According to reports, the agreement includes a demilitarized zone, retraction of heavy weaponry, exchange of prisoners, constitutional reforms in Ukraine, elections in Donbass and resumed government payments to the separatist-controlled region. The ceasefire should begin after midnight on 15 February.
Commenting on the agreement, Lithuanian political analyst Nerijus Maliukevičius of Vilnius University says the devil’s in the details.
“It sounds like Minks No. 2, which in itself shows that the first try was not enough. Hence a grain of salt about Minsk No. 2 as well. Angela Merkel had said the same thing even before the meeting: general mistrust is widespread and devil’s in the details. As we have seen, agreements are easy to sign and announce, but the problem is to implement them. There was the first Minsk agreement [ceasefire deal reached last September], but, ironically, talks of ceasefire were drowned by sounds of gunfire,” according to Maliukevičius.

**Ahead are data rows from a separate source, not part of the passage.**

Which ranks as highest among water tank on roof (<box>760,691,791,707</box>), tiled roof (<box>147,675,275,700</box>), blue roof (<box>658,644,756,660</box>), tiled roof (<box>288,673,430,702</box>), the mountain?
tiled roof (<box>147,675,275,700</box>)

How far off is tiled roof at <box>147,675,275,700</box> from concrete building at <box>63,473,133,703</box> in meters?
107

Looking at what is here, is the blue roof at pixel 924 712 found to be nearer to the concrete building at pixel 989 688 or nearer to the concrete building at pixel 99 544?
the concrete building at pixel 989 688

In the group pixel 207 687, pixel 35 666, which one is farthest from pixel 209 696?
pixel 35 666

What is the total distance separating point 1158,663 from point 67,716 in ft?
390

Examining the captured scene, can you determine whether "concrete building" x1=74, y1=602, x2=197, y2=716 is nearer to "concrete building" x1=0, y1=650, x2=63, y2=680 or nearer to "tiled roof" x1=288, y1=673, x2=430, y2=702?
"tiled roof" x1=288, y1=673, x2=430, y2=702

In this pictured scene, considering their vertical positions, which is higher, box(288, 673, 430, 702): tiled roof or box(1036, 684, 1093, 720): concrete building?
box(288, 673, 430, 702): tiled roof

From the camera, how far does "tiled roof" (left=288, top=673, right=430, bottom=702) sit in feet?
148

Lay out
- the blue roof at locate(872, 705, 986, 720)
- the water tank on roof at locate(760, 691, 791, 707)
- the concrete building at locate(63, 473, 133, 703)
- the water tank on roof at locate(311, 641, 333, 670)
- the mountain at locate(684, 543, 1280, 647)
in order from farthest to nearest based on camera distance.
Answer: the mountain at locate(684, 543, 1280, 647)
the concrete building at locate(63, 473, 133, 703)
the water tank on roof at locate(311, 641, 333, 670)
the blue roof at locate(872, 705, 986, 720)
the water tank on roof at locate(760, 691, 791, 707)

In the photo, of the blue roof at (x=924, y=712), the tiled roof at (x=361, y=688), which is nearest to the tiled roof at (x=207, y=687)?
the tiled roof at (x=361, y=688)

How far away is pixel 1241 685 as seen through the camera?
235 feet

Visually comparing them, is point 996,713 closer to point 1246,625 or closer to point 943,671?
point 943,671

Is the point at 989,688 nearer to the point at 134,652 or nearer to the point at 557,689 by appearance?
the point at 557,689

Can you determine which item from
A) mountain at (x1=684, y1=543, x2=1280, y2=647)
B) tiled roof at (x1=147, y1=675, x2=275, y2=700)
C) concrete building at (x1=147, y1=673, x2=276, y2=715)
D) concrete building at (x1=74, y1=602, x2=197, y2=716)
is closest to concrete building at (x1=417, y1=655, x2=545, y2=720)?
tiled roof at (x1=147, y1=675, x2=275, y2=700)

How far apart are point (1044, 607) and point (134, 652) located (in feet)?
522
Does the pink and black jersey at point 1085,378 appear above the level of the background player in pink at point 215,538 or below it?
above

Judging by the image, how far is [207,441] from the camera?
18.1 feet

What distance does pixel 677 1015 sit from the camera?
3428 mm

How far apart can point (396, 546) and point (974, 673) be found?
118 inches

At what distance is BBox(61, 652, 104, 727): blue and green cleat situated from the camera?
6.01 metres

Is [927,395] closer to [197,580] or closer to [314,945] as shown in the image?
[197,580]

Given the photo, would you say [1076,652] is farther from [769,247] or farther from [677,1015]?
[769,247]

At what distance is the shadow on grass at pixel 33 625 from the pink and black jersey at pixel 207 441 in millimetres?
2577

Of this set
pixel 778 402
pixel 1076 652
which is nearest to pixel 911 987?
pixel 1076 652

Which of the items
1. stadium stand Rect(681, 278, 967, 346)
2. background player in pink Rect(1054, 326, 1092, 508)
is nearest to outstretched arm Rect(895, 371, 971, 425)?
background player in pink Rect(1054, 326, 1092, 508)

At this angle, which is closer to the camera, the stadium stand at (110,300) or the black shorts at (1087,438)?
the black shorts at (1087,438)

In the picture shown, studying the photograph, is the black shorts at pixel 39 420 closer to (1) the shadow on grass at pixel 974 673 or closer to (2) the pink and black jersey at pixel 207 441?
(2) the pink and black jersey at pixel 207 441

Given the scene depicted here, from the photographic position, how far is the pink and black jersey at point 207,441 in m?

“I’d like to note that there was no joint announcement of the agreement, no press conference or discussion. When there is an agreement and all points have been worked out, it is not hard to go out together and say: we have an agreement and we will stick to it. When each leader speaks to their own press – Putin with the Russian media, others with their own – this means that there are diverging interpretations from the very start.”
Putin not to be trusted
Linas Kojala of Eastern Europe Studies Centre says that the demilitarized zone provision in the agreement essentially means that Russian soldiers and military equipment currently stationed in Ukraine will remain there.
AFP reports that during the talks in Minsk, some 50 Russian tanks crossed into the Ukrainian territory.
Kojala says that the point on pulling back heavy weaponry means, at best, that it will be moved several kilometres, but the Russian-Ukrainian border will remain unprotected, which will allow Russia to move troops and weapons to the country as freely as before.
He says that the ceasefire agreed upon in Minsk will merely mean that pro-Russian separatists will keep their guns loaded and will be able to resume attacks at any time they choose.
The ceasefire begins after midnight on Sunday. Until then, according to Kojala, “Russia is allowed, on advantageous terms, to do some more beating and draw a temporary demarcation line”.
Moscow keeps all the leverage it had before to use in future negotiations, while the Western side is foregoing its main leverage, i.e., the prospect of supplying arms to Ukraine. This option is no longer viable, since supposedly peace has been achieved.
“The worst-case scenario is if the European Union buys Putin’s smokescreen and starts talking about lifting sanctions without further moves (like disconnecting Russia from the SWIFT payment system) and thus de facto accepts Russia’s military methods of stopping Ukraine’s Western integration. The minimum we should seek now is to renew (or even expand) sanctions until Ukraine is in full control of its borders, until Russia withdraws its army and military equipment and until Kiev concludes decentralization in the form it finds acceptable,” Kojala says.
Eastern Europe Studies Centre analyst Laurynas Kasčiūnas says that the key issue right now is how constitutional decentralization in Ukraine will be linked to Kiev taking back control of its borders. Ukraine’s President Petro Poroshenko has told the media that the country’s government did not agree to federalization or granting autonomy to the separatist-held territories.
The agreement document does mention decentralization of governing in Ukraine, but, Kasčiūnas insists, the exact word used is less important than how this provision will be implemented.
The document speaks of a constitutional reform in Ukraine, with a new constitution due to come into force by the end of 2015. Legislation granting special status to Donetsk and Luhansk regions are to be adopted by the end of this year.
“The essential point is what form this constitutional reform will take. And even if Poroshenko talks about decentralization rather than autonomy, it is important to know what content it carries. A federal state can very well be called centralized or unitary. This is an important point. I mean, if there is any linking of handing over border control to the course of the constitutional reform, its timing, then they [pro-Russia separatists] will always be able to exert pressure by saying that decentralization is faulty and does not go far enough,” according to Kasčiūnas.
“By controlling the border, the Russians will be able to control the substance of the decentralization,” the political analyst says.
The agreement document says that the Ukrainian government will have full control of the border after local elections are held in Donetsk and Luhansk and after completing constitutional reforms.
“Russia will be able to steer the constitutional reform, because it will be in control of the border. That’s the essence of the matter,” Kasčiūnas concludes.